● **What to work on**: Lines with the word "Float" are the ones wanted. Copy each of them from the entries below.

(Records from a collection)
──────
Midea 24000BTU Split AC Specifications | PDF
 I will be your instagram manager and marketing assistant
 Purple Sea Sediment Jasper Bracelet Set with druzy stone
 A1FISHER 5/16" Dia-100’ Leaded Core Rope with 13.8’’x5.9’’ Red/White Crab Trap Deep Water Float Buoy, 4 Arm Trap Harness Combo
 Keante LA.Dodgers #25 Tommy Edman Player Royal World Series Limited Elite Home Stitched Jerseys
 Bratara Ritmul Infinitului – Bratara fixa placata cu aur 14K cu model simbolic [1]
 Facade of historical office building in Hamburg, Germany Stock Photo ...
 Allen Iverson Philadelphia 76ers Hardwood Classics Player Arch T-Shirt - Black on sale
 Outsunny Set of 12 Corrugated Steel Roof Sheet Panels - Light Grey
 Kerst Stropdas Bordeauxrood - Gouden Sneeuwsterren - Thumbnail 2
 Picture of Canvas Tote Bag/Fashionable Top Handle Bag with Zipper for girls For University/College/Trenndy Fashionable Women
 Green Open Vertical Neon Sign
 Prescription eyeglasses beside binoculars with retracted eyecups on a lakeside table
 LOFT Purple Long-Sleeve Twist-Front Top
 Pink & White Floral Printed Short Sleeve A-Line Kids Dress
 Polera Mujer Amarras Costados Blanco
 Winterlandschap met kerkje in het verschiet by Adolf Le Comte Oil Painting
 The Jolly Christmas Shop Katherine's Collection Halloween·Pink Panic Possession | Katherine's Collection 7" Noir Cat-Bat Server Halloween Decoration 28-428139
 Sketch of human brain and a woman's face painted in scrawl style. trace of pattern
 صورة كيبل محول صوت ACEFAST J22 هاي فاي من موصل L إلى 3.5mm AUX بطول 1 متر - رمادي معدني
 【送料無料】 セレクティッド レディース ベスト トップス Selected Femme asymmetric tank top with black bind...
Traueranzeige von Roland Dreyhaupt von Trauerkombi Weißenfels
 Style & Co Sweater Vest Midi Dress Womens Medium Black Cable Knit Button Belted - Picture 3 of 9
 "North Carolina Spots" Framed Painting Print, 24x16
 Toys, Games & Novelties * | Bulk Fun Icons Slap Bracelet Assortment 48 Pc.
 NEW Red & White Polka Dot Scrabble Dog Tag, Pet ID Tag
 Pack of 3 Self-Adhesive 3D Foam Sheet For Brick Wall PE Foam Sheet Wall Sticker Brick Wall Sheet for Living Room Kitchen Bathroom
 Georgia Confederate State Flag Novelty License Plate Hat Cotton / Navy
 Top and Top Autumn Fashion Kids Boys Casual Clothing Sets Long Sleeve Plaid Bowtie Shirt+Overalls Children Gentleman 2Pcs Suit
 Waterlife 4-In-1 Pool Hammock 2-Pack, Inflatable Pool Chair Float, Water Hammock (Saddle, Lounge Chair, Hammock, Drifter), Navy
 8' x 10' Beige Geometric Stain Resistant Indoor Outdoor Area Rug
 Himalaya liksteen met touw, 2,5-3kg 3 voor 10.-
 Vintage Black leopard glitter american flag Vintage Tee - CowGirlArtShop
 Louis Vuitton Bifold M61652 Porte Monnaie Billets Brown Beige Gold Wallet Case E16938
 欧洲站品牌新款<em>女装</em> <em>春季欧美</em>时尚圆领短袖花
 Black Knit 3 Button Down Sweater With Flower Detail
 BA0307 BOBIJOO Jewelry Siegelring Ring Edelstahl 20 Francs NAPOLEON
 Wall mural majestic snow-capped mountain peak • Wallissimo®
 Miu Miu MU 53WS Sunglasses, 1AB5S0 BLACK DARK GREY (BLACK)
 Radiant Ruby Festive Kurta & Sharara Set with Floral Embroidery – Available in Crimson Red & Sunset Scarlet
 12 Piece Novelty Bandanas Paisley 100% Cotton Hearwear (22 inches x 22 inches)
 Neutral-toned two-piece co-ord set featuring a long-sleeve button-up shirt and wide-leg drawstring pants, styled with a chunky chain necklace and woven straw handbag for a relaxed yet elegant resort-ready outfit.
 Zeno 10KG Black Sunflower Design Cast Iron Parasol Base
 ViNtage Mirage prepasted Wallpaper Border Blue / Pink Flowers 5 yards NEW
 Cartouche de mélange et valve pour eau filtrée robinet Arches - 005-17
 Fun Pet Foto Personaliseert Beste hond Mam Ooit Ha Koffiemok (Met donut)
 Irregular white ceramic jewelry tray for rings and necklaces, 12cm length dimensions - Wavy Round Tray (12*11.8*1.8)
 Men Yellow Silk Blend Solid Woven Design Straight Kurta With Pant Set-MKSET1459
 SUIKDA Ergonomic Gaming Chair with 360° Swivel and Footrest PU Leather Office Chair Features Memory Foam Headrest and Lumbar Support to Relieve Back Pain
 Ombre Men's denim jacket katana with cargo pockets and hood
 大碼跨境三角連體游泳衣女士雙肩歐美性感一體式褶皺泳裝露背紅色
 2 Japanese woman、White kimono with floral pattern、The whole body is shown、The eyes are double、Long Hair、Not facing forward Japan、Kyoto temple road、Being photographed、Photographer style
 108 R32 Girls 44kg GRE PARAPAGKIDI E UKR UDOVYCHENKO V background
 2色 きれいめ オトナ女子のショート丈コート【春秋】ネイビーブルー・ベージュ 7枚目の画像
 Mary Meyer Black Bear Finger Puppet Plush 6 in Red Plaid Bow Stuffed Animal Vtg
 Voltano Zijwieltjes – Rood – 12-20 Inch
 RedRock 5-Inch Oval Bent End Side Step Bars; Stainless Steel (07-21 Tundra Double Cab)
──────
● **Task solution**:
 A1FISHER 5/16" Dia-100’ Leaded Core Rope with 13.8’’x5.9’’ Red/White Crab Trap Deep Water Float Buoy, 4 Arm Trap Harness Combo
 Waterlife 4-In-1 Pool Hammock 2-Pack, Inflatable Pool Chair Float, Water Hammock (Saddle, Lounge Chair, Hammock, Drifter), Navy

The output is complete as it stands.